What is needed:
Could you retype all of the entries below word for word?

Extracted data START

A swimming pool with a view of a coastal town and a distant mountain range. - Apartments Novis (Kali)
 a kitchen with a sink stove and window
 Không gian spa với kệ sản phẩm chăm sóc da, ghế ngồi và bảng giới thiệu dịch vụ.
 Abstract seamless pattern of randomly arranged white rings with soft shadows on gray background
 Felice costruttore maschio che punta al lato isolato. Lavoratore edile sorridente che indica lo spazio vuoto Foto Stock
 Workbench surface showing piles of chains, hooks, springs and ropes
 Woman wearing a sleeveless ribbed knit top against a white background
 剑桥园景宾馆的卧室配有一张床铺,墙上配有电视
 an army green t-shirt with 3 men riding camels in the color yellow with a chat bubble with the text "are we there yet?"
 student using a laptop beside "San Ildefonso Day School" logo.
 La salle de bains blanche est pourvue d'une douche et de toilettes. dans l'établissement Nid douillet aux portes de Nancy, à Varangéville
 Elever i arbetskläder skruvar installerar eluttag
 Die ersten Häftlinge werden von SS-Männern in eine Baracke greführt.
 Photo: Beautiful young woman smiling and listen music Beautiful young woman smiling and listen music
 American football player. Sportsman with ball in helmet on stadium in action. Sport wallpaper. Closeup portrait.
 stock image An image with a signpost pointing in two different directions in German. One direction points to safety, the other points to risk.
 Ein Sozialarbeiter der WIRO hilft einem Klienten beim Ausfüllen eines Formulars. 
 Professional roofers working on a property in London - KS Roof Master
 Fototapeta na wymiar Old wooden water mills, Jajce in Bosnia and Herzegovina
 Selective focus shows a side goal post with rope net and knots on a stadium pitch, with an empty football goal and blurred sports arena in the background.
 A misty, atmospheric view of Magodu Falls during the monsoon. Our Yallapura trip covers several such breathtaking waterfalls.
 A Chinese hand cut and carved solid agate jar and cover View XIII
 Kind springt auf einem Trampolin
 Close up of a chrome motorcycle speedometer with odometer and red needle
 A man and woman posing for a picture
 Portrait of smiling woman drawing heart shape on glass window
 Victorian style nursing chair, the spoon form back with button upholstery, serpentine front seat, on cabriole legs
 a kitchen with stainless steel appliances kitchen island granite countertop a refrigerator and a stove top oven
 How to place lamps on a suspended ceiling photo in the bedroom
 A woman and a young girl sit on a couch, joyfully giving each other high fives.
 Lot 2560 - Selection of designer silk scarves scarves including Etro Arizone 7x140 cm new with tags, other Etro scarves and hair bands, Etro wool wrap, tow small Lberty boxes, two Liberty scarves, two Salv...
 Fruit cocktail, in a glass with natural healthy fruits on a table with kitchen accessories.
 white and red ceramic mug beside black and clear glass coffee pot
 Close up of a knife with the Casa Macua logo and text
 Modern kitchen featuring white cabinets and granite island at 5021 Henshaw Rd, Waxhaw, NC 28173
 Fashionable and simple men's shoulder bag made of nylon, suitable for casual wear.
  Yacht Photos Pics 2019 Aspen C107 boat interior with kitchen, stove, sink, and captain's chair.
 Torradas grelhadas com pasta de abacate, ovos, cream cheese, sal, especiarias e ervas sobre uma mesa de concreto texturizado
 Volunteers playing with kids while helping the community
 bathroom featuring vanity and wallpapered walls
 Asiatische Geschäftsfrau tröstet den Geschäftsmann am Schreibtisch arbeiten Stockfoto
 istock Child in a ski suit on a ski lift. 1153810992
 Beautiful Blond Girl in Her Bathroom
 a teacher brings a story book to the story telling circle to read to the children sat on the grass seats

Extracted data END

Task output:
A swimming pool with a view of a coastal town and a distant mountain range. - Apartments Novis (Kali)
 a kitchen with a sink stove and window
 Không gian spa với kệ sản phẩm chăm sóc da, ghế ngồi và bảng giới thiệu dịch vụ.
 Abstract seamless pattern of randomly arranged white rings with soft shadows on gray background
 Felice costruttore maschio che punta al lato isolato. Lavoratore edile sorridente che indica lo spazio vuoto Foto Stock
 Workbench surface showing piles of chains, hooks, springs and ropes
 Woman wearing a sleeveless ribbed knit top against a white background
 剑桥园景宾馆的卧室配有一张床铺,墙上配有电视
 an army green t-shirt with 3 men riding camels in the color yellow with a chat bubble with the text "are we there yet?"
 student using a laptop beside "San Ildefonso Day School" logo.
 La salle de bains blanche est pourvue d'une douche et de toilettes. dans l'établissement Nid douillet aux portes de Nancy, à Varangéville
 Elever i arbetskläder skruvar installerar eluttag
 Die ersten Häftlinge werden von SS-Männern in eine Baracke greführt.
 Photo: Beautiful young woman smiling and listen music Beautiful young woman smiling and listen music
 American football player. Sportsman with ball in helmet on stadium in action. Sport wallpaper. Closeup portrait.
 stock image An image with a signpost pointing in two different directions in German. One direction points to safety, the other points to risk.
 Ein Sozialarbeiter der WIRO hilft einem Klienten beim Ausfüllen eines Formulars. 
 Professional roofers working on a property in London - KS Roof Master
 Fototapeta na wymiar Old wooden water mills, Jajce in Bosnia and Herzegovina
 Selective focus shows a side goal post with rope net and knots on a stadium pitch, with an empty football goal and blurred sports arena in the background.
 A misty, atmospheric view of Magodu Falls during the monsoon. Our Yallapura trip covers several such breathtaking waterfalls.
 A Chinese hand cut and carved solid agate jar and cover View XIII
 Kind springt auf einem Trampolin
 Close up of a chrome motorcycle speedometer with odometer and red needle
 A man and woman posing for a picture
 Portrait of smiling woman drawing heart shape on glass window
 Victorian style nursing chair, the spoon form back with button upholstery, serpentine front seat, on cabriole legs
 a kitchen with stainless steel appliances kitchen island granite countertop a refrigerator and a stove top oven
 How to place lamps on a suspended ceiling photo in the bedroom
 A woman and a young girl sit on a couch, joyfully giving each other high fives.
 Lot 2560 - Selection of designer silk scarves scarves including Etro Arizone 7x140 cm new with tags, other Etro scarves and hair bands, Etro wool wrap, tow small Lberty boxes, two Liberty scarves, two Salv...
 Fruit cocktail, in a glass with natural healthy fruits on a table with kitchen accessories.
 white and red ceramic mug beside black and clear glass coffee pot
 Close up of a knife with the Casa Macua logo and text
 Modern kitchen featuring white cabinets and granite island at 5021 Henshaw Rd, Waxhaw, NC 28173
 Fashionable and simple men's shoulder bag made of nylon, suitable for casual wear.
  Yacht Photos Pics 2019 Aspen C107 boat interior with kitchen, stove, sink, and captain's chair.
 Torradas grelhadas com pasta de abacate, ovos, cream cheese, sal, especiarias e ervas sobre uma mesa de concreto texturizado
 Volunteers playing with kids while helping the community
 bathroom featuring vanity and wallpapered walls
 Asiatische Geschäftsfrau tröstet den Geschäftsmann am Schreibtisch arbeiten Stockfoto
 istock Child in a ski suit on a ski lift. 1153810992
 Beautiful Blond Girl in Her Bathroom
 a teacher brings a story book to the story telling circle to read to the children sat on the grass seats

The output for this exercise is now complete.